History Import using system.tag.StoreTagHistory

Hi all,
We are working on importing data from a different system into our Enterprise Historian.
That particular system can generate CSV files for us in the following format:
DateTime,Value

I have code written and debugged, I am just wondering if there is a more efficient way of doing this.
The CSV files can have up to 150,000 lines. The code I am using parses and inserts it in under 5 seconds.
But it just seems like a clunky way of doing this.
Our Historians partition by month, so this is why I am going the scripting route instead of just inserting direct to the database.

import csv
path = system.file.openFile("csv")
reader = csv.reader(open(path, 'rb'))

def gen_chunks(reader, chunksize=1000):
    chunk = []
    for i, line in enumerate(reader):
        if (i % chunksize == 0 and i > 0):
            yield chunk
            del chunk[:]
        chunk.append(line)
    yield chunk

prov = 'EntHistory'
selectedPath = event.source.parent.getComponent('tagPath').text.split(']')[1]
x = 0
fullDS = []
for chunk in gen_chunks(reader, chunksize=1000):
	vals = []
	paths = []
	quals = []
	ts = []
	#Delete the first row of the CSV as it is just headers
	if x < 1:
		del chunk[0]
	
	for row in chunk:
		paths.append(selectedPath)
		d = system.date.parse(row[0],"MM-dd-yyyy HH:mm:ss")
		gd = system.date.format(d,"yyyy-MM-dd HH:mm:ss")
		vals.append(float(row[1]))
		quals.append(192)
		ts.append(gd)
	x=+1
	system.tag.storeTagHistory(prov,'default',paths,vals,quals,ts)
#Put DS in a table on the screen just for debugging and confirmation of values	
hdr = ['tag','val','qual','date']
fullDS = zip(paths,vals,quals,ts)
event.source.parent.getComponent('Power Table 3').data=system.dataset.toDataSet(hdr,fullDS)
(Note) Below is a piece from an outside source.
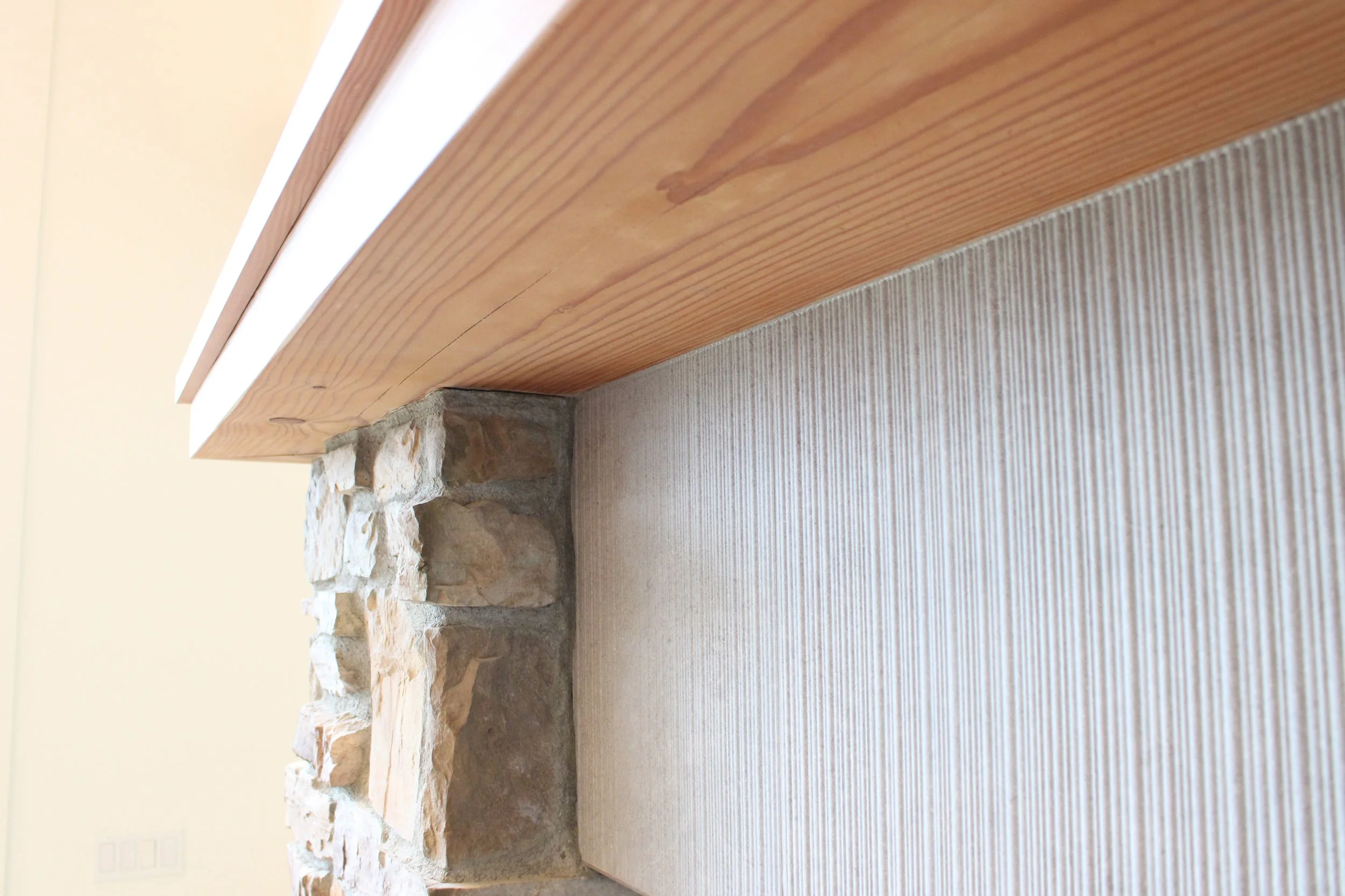 whole-home-remodel-langley-wa-stone-fireplace-mantle-detail.jpg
The code looks pretty good to me. You might get some improvement by using a more efficient generator function to read the file, then split that generator into chunks:

import csv
import itertools

def readFile(filename):
    with open(filename, "rb") as csvfile:
        datareader = csv.reader(csvfile)
        next(datareader)  # skip the header row
        for row in datareader:
            yield row

def chunks(iterable, size=1000):
    iterator = iter(iterable)
    for first in iterator:
        yield itertools.chain([first], itertools.islice(iterator, size - 1))

prov = 'EntHistory'
path = system.file.openFile("csv")

selectedPath = event.source.parent.getComponent('tagPath').text.split(']')[1]
fullDS = []
for chunk in chunks(readFile(path)):
	vals = []
	paths = []
	quals = []
	ts = []
	
	for row in chunk:
		paths.append(selectedPath)
		d = system.date.parse(row[0],"MM-dd-yyyy HH:mm:ss")
		gd = system.date.format(d,"yyyy-MM-dd HH:mm:ss")
		vals.append(float(row[1]))
		quals.append(192)
		ts.append(gd)
	
	system.tag.storeTagHistory(prov,'default',paths,vals,quals,ts)

Thanks!

Just for anyone else testing the code above,
add

from __future__ import with_statement

at the top of Pauls code.

1 Like

Good catch. I think it’s not required in 8.0, since we’re up to Jython 2.7, but I haven’t actually tested.

1 Like

How can i substitute the ‘size’ in def chunks(iterable, size=1000) with ths csv rows number ?